OSPF is a link-state routing protocol, that floods the AS by:

  1. Each router sends the information to every other router on the internetwork except its neighbors.
  2. Every router that receives the packet sends the copies to all its neighbors.
  3. Finally, each and every router receives a copy of the same information.

This picture is then used to calculate end-to-end paths through the AS, normally using a variant of the Dijkstra algorithm. Increasing the number of routers increases the size and frequency of the topology updates, and also the length of time it takes to calculate end-to-end routes, and that is why OSPF protocol is only ran within a signle AS. Similar to what we saw in the previous section, each router distributes information about its local state (usable interfaces and reachable neighbors, and the cost of using each interface) to other routers using a Link State Advertisement (LSA) message. Each router uses the received messages to build up an identical database that describes the topology of the AS.

Inter-AS Routing: BGP

The idea of Border Gateway Protocol (BGP) is straight forward. If OSPF is for Intra-AS routing, there must also be Inter-AS routing, and that is precisely what BGP is for. Destinations that are within the same AS, the entries in the router’s forwarding table are determined by the itra-AS routing protocol. But for Inter-AS routing BGP is used.

bus
BGP is arguably the most important of all the Internet protocols, as it is the protocol that glues the thousands of ISPs in the Internet together.

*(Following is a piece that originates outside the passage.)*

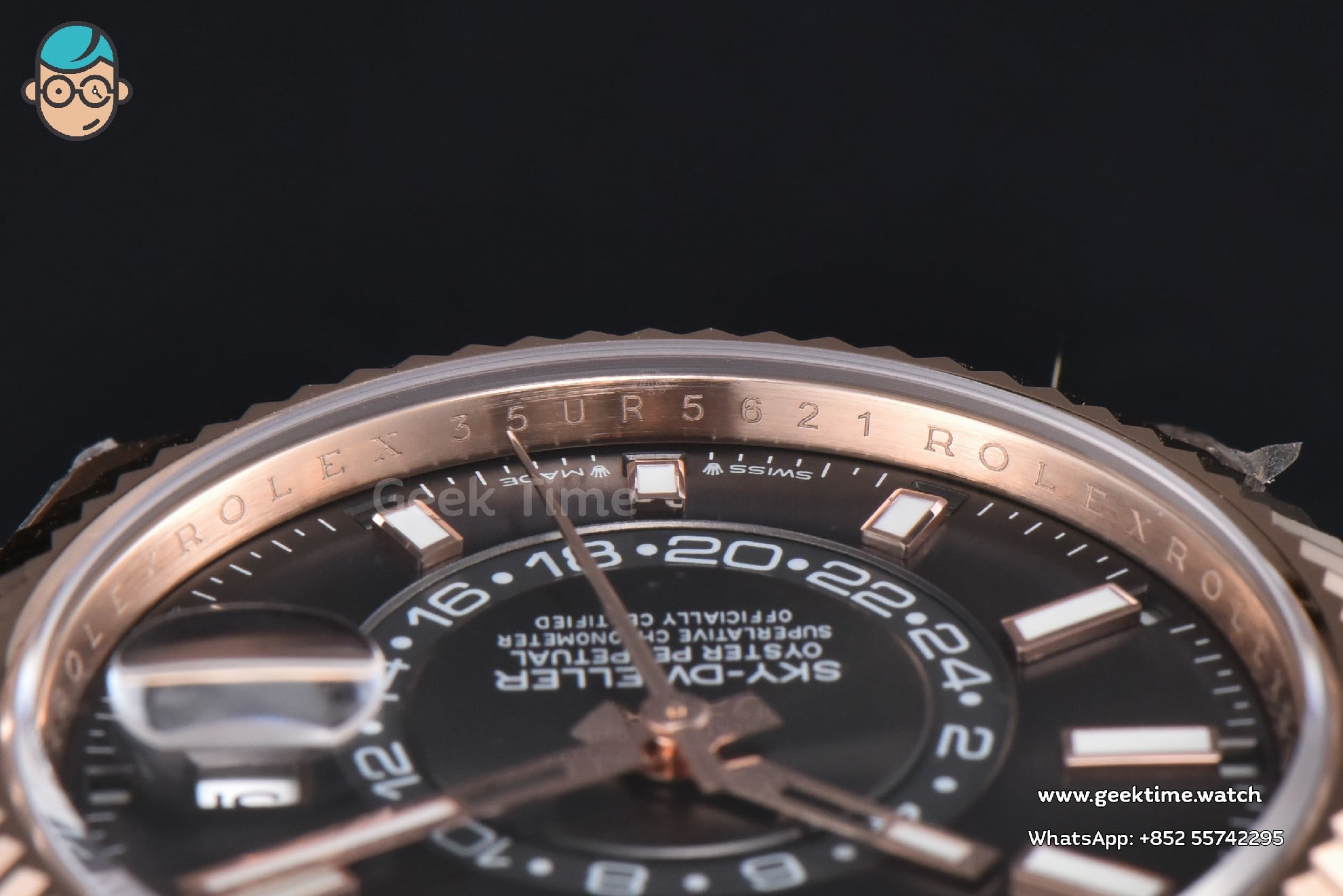 Sky-Dweller 336935 42mm ZF RG Case Grey Dial Rubber Oysterflex Strap (Tungsten) - Image 12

Since an inter-AS routing protocol involves coordination among multiple ASs, communicating ASs must run the same inter-AS routing protocol. This can be understood as how every country has its own languages, but to communicate with each other, they have to speak universal languages like English. In BGP, packets are not routed to a specific destination address, but instead to CIDRized prefixes, with each prefix representing a subnet or a collection of subnets

bus
Say that there are three Autonomous Systems, A1, A2, and A3.
  • BGP connections b/w routers in the same AS is called Internal BGP (iBGP) connection
  • BGP connections b/w different AS is called External BGP (eBGP).
  • BGP would also have it’s own algorithm to determine best routes, how to hop between A/S while minimizing expenses, but this is outside the scope so won’t be discussed in detail.

There are a few other topics in the book for this chapter, such as SDN, ICMP, SNMP, NETCONF/YANG, and etc, but these will not be discussed here.